基于脑电图(EEG)的麻醉深度监测仪在麻醉实践中被广泛使用。其技术依赖于对 EEG 波形的数学分析,通常会产生一个与麻醉深度相对应的数值。我们创造了一种新的 EEG 解释方法,保留了其底层的复杂性。该方法将 EEG 转化为声音:脑电图仪(EEP)。

方法

在一项初步研究中,我们记录了六名患者清醒和麻醉时的 EEG。我们使用一个环形缓冲区将每个 EEG 转换为音频信号,其写频率为 1 kHz,读频率为 48 kHz,从而将所有输出频率提高 48 倍。

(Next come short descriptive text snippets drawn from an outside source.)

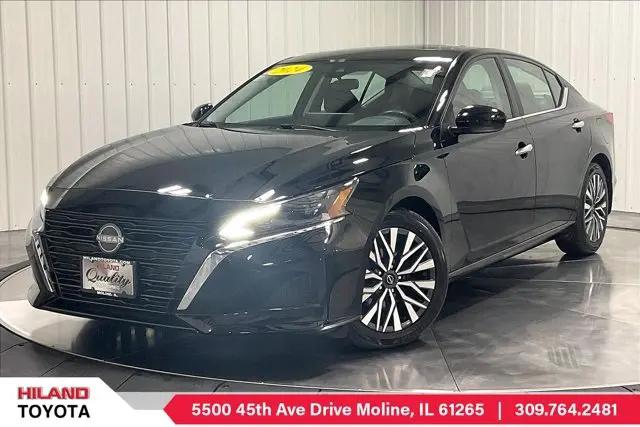2024 Nissan Altima SV FWD for sale in Moline, IL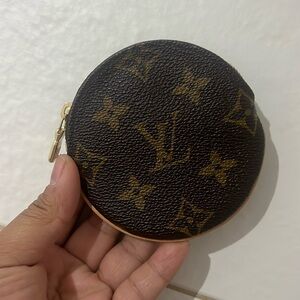 Authentic Louis Vuitton Monogram Round Coin Purse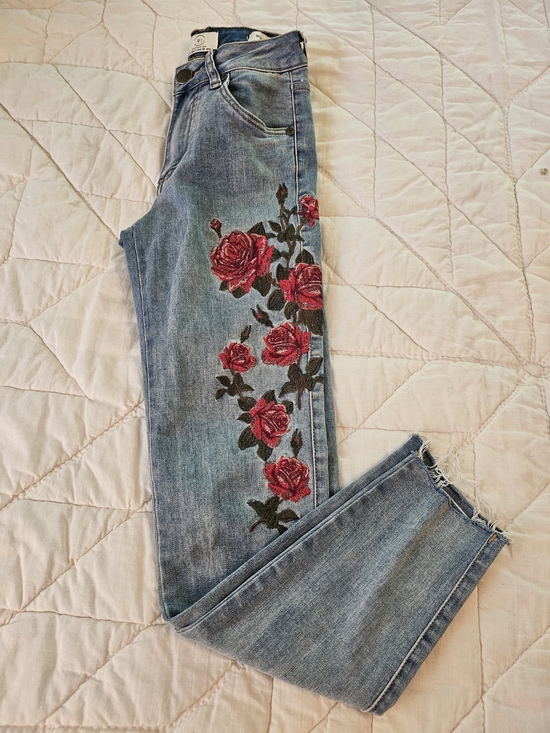 Cotton On Denim - Cotton On 91- Mid Grazer Skinny- Floral Embroidered Jeans- Size 2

从本质上讲,听众听到的是 EEG 数据的前 12 s 被压缩到 250 ms 中,每 250 ms 更新一次。从这些数据中,我们生成了一组 5 s 的音频剪辑,然后使用这些剪辑来培训和测试 23 名麻醉师样本。

结果

经过培训,23 名麻醉师中有 21 名能够使用 EEP 正确识别 >5 名随机选择患者中的意识状态(P<0.001)。中位数得分为 10 分中的 8 分,四分位距为 7-9 分。

结论

EEP 有望成为一种麻醉深度监测仪。然而,在各种临床环境中需要进行广泛的验证,然后才能被接受进入主流临床实践。